Despite the index’s silence, there are five Churchill quotes on Burke, and a sixth by an observer….
1897: “What shadows we are…”
Looking at these shapeless forms, confined in a regulation blanket, the pride of race, the pomp of empire, the glory of war appeared but the faint and unsubstantial fabric of a dream; and I could not help realising with Burke: “What shadows we are and what shadows we pursue.”
Churchill was writing here of British dead in the campaign in the Northwest Frontier of India. (See The Story of the Malakand Field Force.) He nonetheless admired valiant enemies, like the Dervishes in The River War: “…their claim beyond the grave in respect of a valiant death was not less good than that which any of our countrymen could make.”
1939: “Importunate chink” of grasshoppers
[Burke said:] “Because half-a-dozen grasshoppers under a fern make the field ring with their importunate chink, whilst thousands of great cattle repose beneath the shadow of the British oak, chew the cud and are silent, pray do not imagine that those who make the noise are the only inhabitants of the field, that of course they are many in number; or that, after all, they are other than the little shrivelled, meagre, hopping, though loud and troublesome insects of the hour.”
Churchill was quoting Burke to Colin Thornton-Kemsley, chairman of the Chigwell Conservative Association, who wanted to dismiss WSC for his anti-Chamberlain rhetoric. When Churchill became prime minister, Thornton-Kemsley sent him his apologies. “I want to say only this,” he wrote. “You warned us repeatedly about the German danger and you were right: a grasshopper under a fern is not proud now that he made the field ring with his importunate chink.”
Churchill replied: “I certainly think that Englishmen ought to start fair with one another from the outset in so grievous a struggle and so far as I am concerned the past is dead.”
1941: Anglo-American unity
The great Burke has truly said, “People will not look forward to posterity who never look backward to their ancestors,” and I feel it most agreeable to recall to you that the Jeromes [Churchill’s maternal forebears] were rooted for many generations in American soil, and fought in Washington’s armies for the independence of the American Colonies and the foundation of the United States. I expect I was on both sides then.

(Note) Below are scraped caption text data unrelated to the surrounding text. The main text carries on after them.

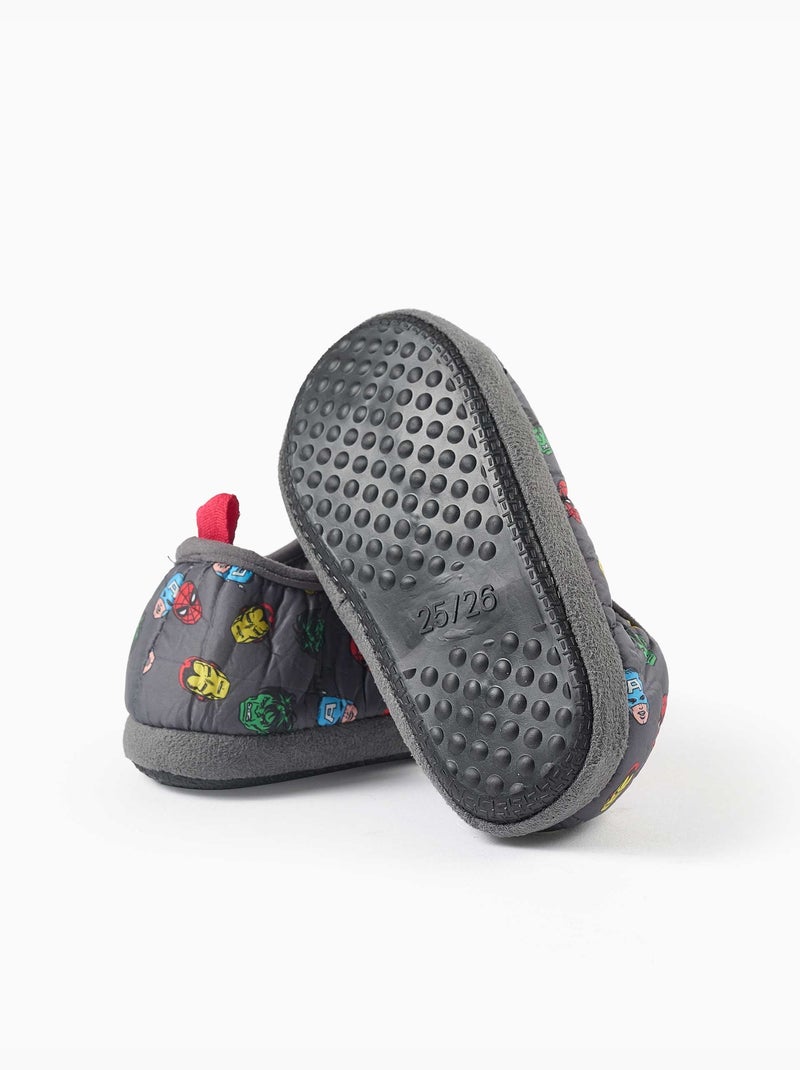 Chaussons matelassés avec imprimé avengers et doublure en sherpa Gris foncé - Kiabi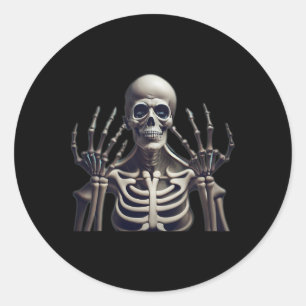 Funny Skeleton Halloween For Mens Womens Kids Classic Round Sticker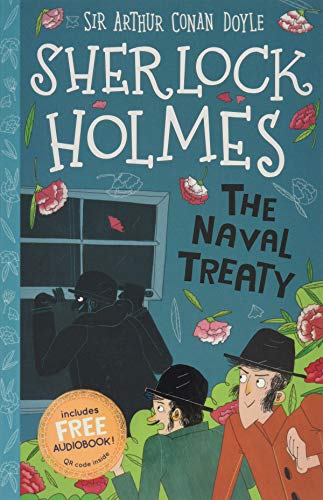 Sherlock Holmes book cover with illustrated detectives and a shadowy figure.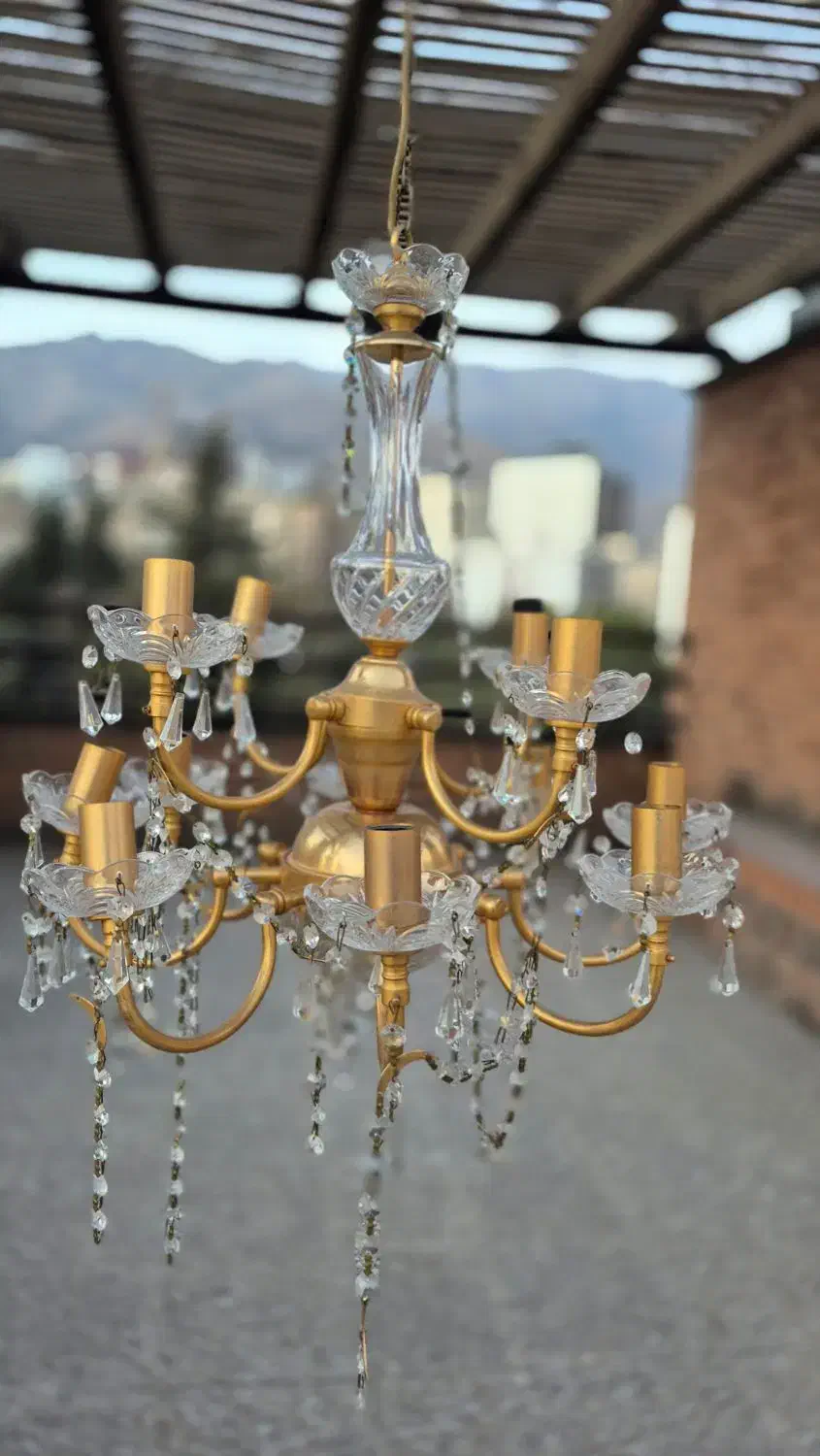 لوستر برونزی کریستال چک ۳ عدد|لوستر و چراغ آویز|تهران, محمودیه|دیوار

And I must say I feel on both sides of the Atlantic Ocean now.
The BBC had actively worked to keep Churchill off the air in the Appeasement years, but by 1941 they couldn’t get enough of him. Here he is broadcasting on 16 June 1941, six days before Hitler attacked Russia. His theme, as ever, was Collective Security, and he yearned for America to enter the war.
1951: “Reform without injustice”
A generation would no doubt come to whom their miseries were unknown but it would be sure of having more to eat and bless Stalin’s name. I did not repeat Burke’s dictum, “If I cannot have reform without injustice, I will not have reform.” With the World War going on all round us it seemed vain to moralise aloud.

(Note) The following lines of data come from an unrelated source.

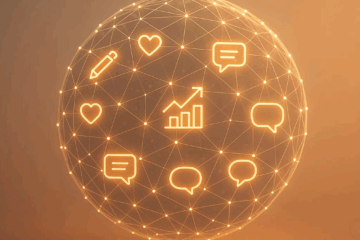Glowing digital globe with icons for analytics, communication, and blogging representing global blog data.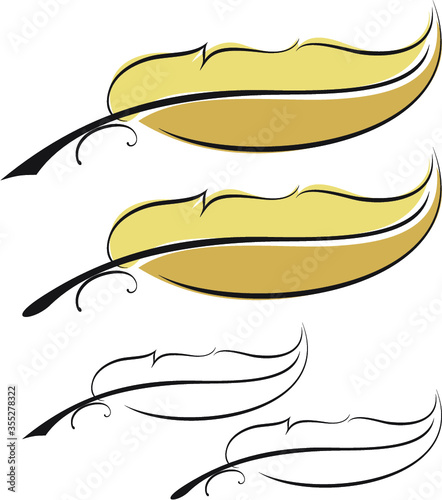 Vector Feather or quill illustration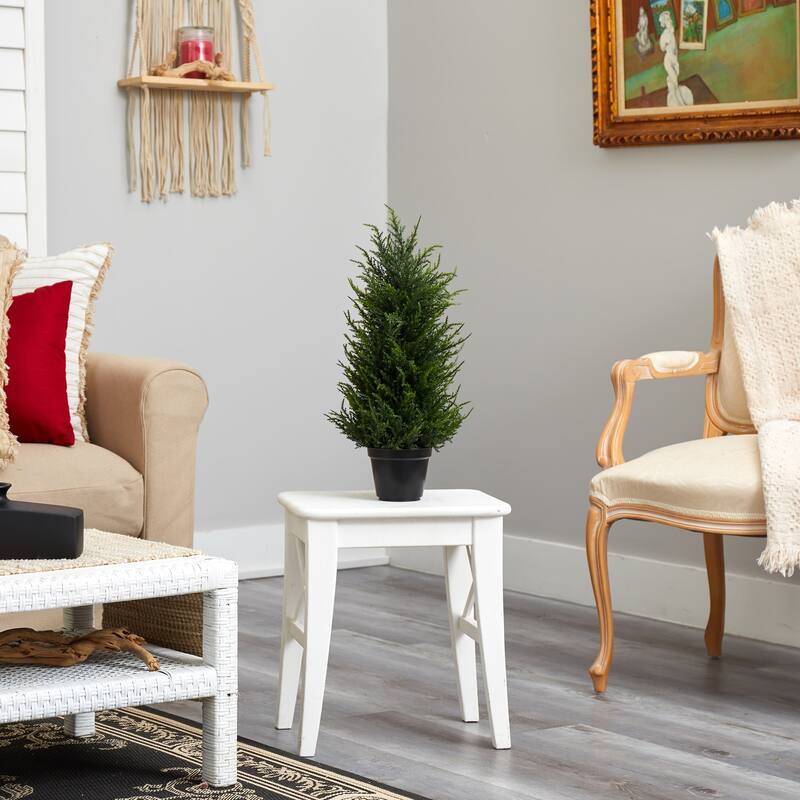 18” Pre-Lit Artificial Cedar Tree, Warm Clear LED Lights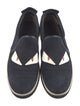 Fendi Monsters Motif Suede Sneakers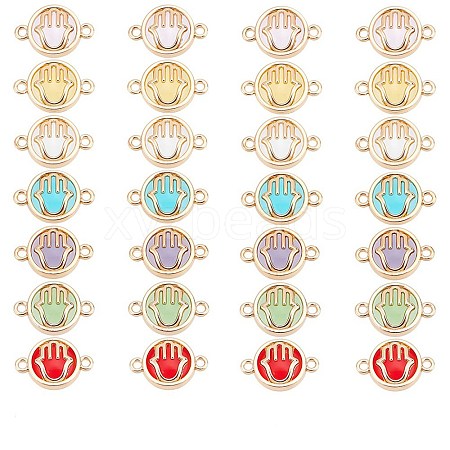 32Pcs 7 colors Glass Connector Charms GLAA-AR0001-29-1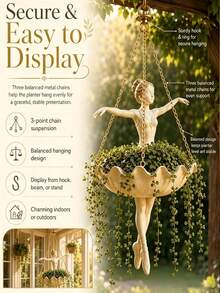 1pc Decorative Ballet Hanging Planter, Chain-Style Lightweight Succulent Plant Pot, Suitable For Garden, Balcony And Dining Space Decoration, Perfect As Back To School, Halloween And Christmas Gift - Multicolor - View 2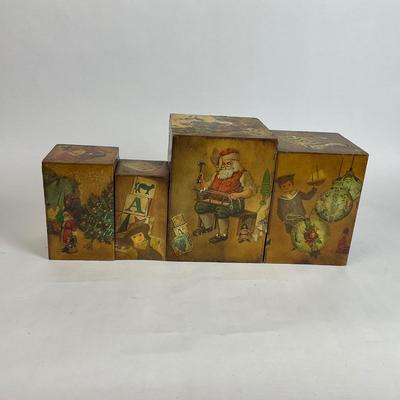 Z596 Set of Vintage Old Christmas Litho Wooden Stacking Boxes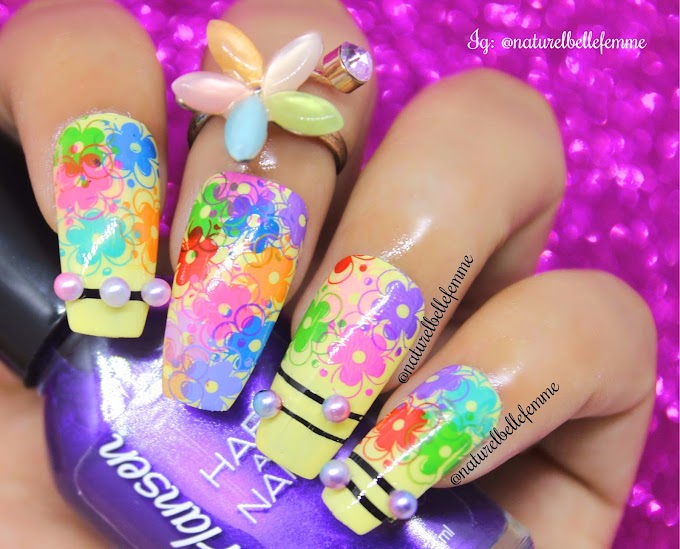 Colorful floral nails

Churchill is here writing in his fourth volume of Second World War memoirs, The Hinge of Fate. WSC was never given to moralizing—or, as we hear so disgustingly often today, “virtue signaling.” Morality was prominent in his make-up, but in war for him the first priority was “Victory at all costs—Victory in spite of all terror.”
3. Collin Brooks: “Where gusto is the prime quality”
One more reference to Burke in is on page 18. It is a lovely quotation by Collin Brooks about Churchill the conversationalist in Churchill by His Contemporaries (1953). Brooks captures the quality that endeared Churchill, even to political opponents:
“Never was a talker so variously gifted, so ardently listened-to, so little of a prig; never was a man so wedded to precision and verbal nicety so little of a pedant…. Sir Winston would have been equally welcomed by Falstaff in Eastcheap, Ben Jonson at The Mermaid, or Burke and Johnson at The Mitre, that is, in any coterie where the talk is masculine, the wit and humour spontaneous, the erudition unparaded, and where gusto is the prime quality.”